WASHINGTON—The first case challenging a state statute restricting the activities of consumer assistance organizations authorized by the Affordable Care Act—has been filed in federal district court in Jefferson City, Missouri. The case, entitled St. Louis Effort for AIDS v. Huff, was filed last week by consumer organizations that are certified under the ACA to provide assistance to help uninsured Missourians obtain health insurance, physicians, and private individuals.
The plaintiffs allege that the Missouri statute both prevents them from providing the assistance the ACA requires them to provide to consumers, and prevents consumers from obtaining such assistance. They ask that the court enjoin the statute and declare it unconstitutional. The plaintiffs in the case are St. Louis Effort for AIDS; Planned Parenthood of the St. Louis Region and Southwest Missouri; Consumers Council of Missouri; Missouri Jobs with Justice; Jeanette Mott Oxford; Dr. Wayne Letizia; Dr. William Fogarty; and Chris Worth.
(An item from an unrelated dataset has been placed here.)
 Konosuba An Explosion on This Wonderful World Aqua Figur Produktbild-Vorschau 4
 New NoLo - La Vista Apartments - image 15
“Missouri has placed groups like St. Louis Effort for AIDS in an untenable situation: If they comply with the Missouri statutes, they can’t perform the duties the Affordable Care Act requires them to perform, but if they comply with the ACA and do perform those duties, they violate the Missouri law and are subject to thousands of dollars in penalties for doing so,” said plaintiff’s counsel Jay Angoff of Mehri & Skalet, a former Missouri Insurance Commissioner and head of ACA implementation at the HHS. “Those conflicts have created a culture of fear among the very people charged with helping Missourians comply with the new law.”
“The ACA provides clear and controlling rules for the scope, role and duties of Navigators and other consumer assisters,” said co-counsel Jane Perkins, legal director at the National Health Law Program (NHeLP). “Missouri’s law goes the unnecessary step to block the ability of consumer assisters to serve their intended function under the ACA—which is to help consumers navigate the new Marketplace and get enrolled in a qualified health insurance plan. Missouri is not only contravening the federal law, it is undermining and chilling enrollment efforts throughout the state.”
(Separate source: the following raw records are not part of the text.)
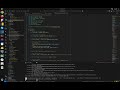RTOS Task Register Tool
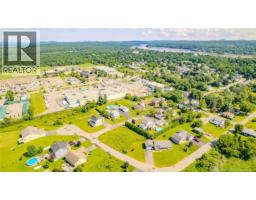 4 Groom Street, St  Stephen, NB E3L0A9 Photo 12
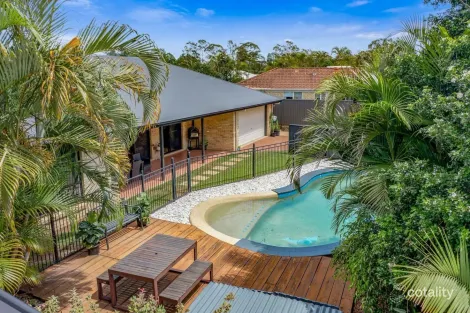 24 Starkey St, Palmwoods, QLD 4555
As stated in the complaint:
- The Missouri statute conflicts with the ACA, and prevents consumer assistance organizations from doing their jobs, because it prevents them from talking about the benefits, terms and features of health insurance plans. The complaint says these provisions violate the Supremacy Clause of the Constitution because they conflict with ACA provisions requiring consumer assistance organizations to provide impartial and timely information to consumers about all their health insurance options.
- The Missouri statute broadly requires private individuals and organizations that perform any service of a consumer assister—including discussing health insurance options–to be licensed by the Department. The complaint says that such a requirement is a restriction on speech that violates the First Amendment.
- The Missouri statute gives the Director of the Missouri Insurance Department the authority to penalize consumer assistance organizations not just for violating the state law but “for other good cause.” The complaint says that this violates the Due Process Clause of the Constitution, because it does not give consumer assistance organizations notice of the conduct they can be penalized for.